## What this task involves
Range to repeat from the listing below: the line containing "Hey guys, welcome" down to the line containing "Signs of a type", both included. Copy it exactly, pictures excluded, and add nothing else.

## The data
#####
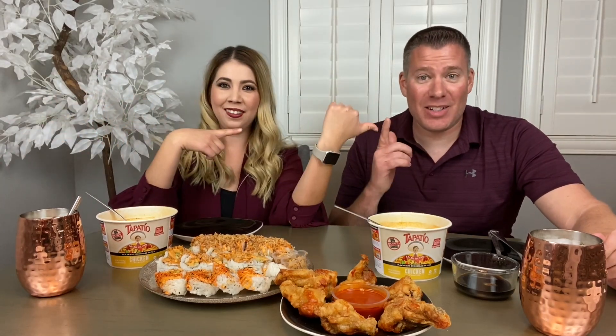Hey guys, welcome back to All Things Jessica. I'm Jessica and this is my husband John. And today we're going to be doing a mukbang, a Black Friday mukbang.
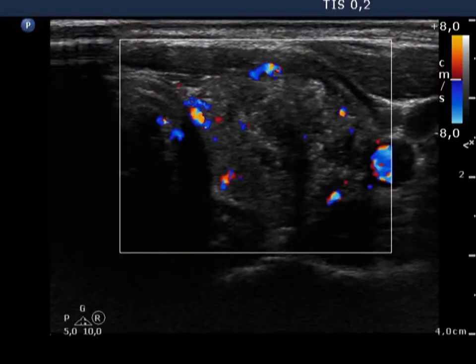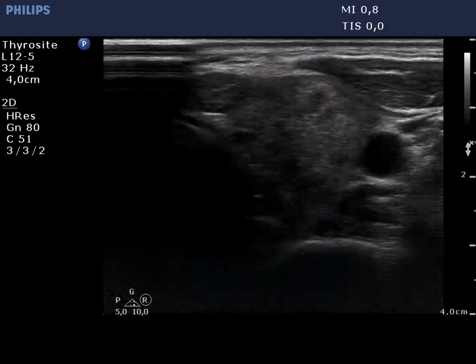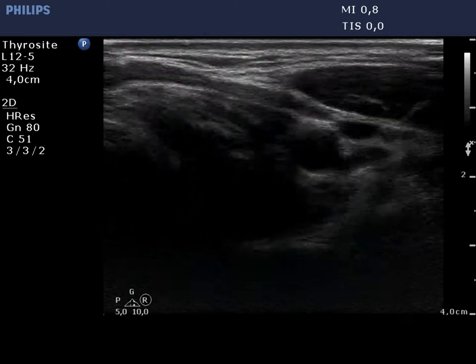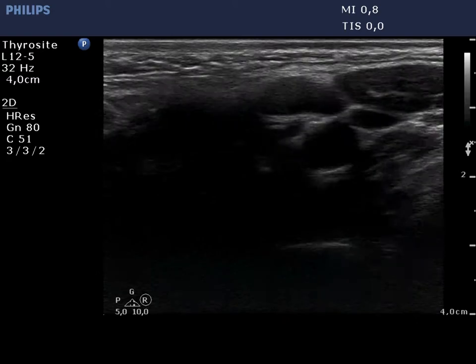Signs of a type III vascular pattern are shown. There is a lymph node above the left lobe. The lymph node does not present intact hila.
#####
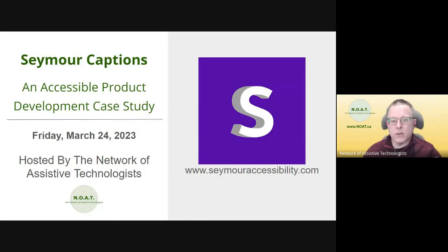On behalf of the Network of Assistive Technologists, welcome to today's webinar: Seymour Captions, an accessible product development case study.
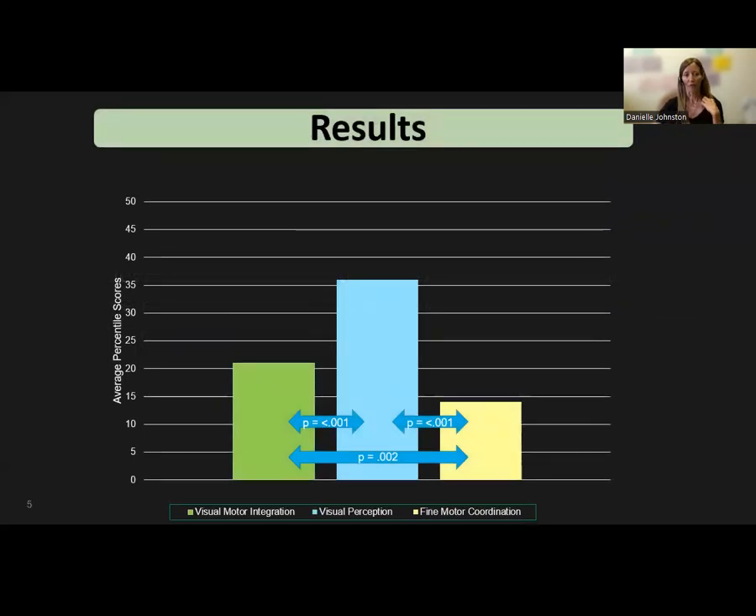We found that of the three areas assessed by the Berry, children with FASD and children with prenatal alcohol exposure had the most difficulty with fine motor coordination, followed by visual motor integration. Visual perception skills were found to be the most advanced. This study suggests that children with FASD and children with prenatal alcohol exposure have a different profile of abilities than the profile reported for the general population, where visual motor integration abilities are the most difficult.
#####
## Response below
Hey guys, welcome back to All Things Jessica. I'm Jessica and this is my husband John. And today we're going to be doing a mukbang, a Black Friday mukbang.
Signs of a type III vascular pattern are shown. There is a lymph node above the left lobe. The lymph node does not present intact hila.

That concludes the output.